I accept there’s money being spent on a new stadium, and from the artist’s impression I’ve seen of the design, it looks amazing.
But Everton’s problems go beyond a few wins over the next few weeks.
I’ve no doubt Big Dunc will get the crowd buzzing, but the issues at Goodison Park are far more deep routed. Everton, I feel, have completely lost their identity.

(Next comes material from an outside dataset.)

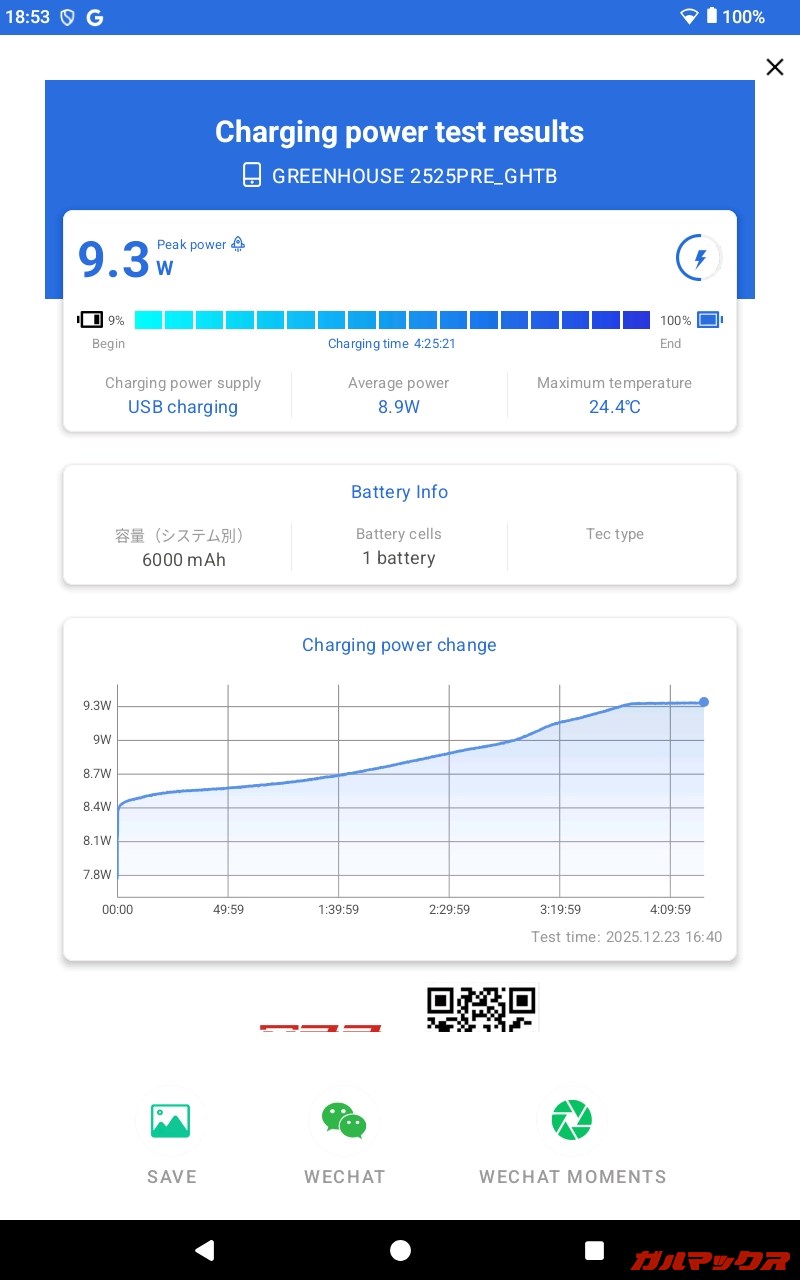 3COINS 10.1インチタブレット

They have become a nothing, meaningless club.
There was talk this week that one name in the frame for the manager’s position is Roberto Martinez, the current manager of the Belgium national team and, of course, former manager of Everton.
Word on the street is the Belgium football authorities are unlikely to allow their national team manager to do both jobs, but the fact that he was even being considered speaks volumes for the lack of ambition currently displayed by Everton.
Martinez won nothing with Everton, and after an OK points tally in his first season (with a team almost entirely inherited from previous boss David Moyes) the former Wigan manager just went from bad to worse.
As his tenure was coming to an end, supporters had become disillusioned and made their anger known.
What followed after Martinez was basically a revolving door of managers who came and went without so much as threatening to bring back the glory days to Goodison.
Money was spent as well, a lot, and the backing from the board has been decent, especially compared to other mid-table Premier League teams.
But the cash was spent really badly, and now it’s Everton supporters that are paying the price.
Other names have been mentioned, Frank Lampard, Jose Mourinho, former Bayern Munich boss Niko Kovac, and even Wayne Rooney.
Rooney is doing wonders in his current job with Derby County, his first in management, but I feel he still lacks the experience to take over at Everton.
None of what I’ve written here will really bring any hope to the Everton faithful, but I don’t know what I can say to change that.
Everton are lost, a shadow of their former selves, and are light years away from getting anywhere close to challenging for trophies.
Whoever does get the job is going to be in for a real eyeopener when he walks into Goodison Park, so maybe their best bet is to give Duncan Ferguson a chance.
Unlikely they will get relegated this season, there are still three teams or more worse than Everton, but at least with Big Dunc he knows the job at hand.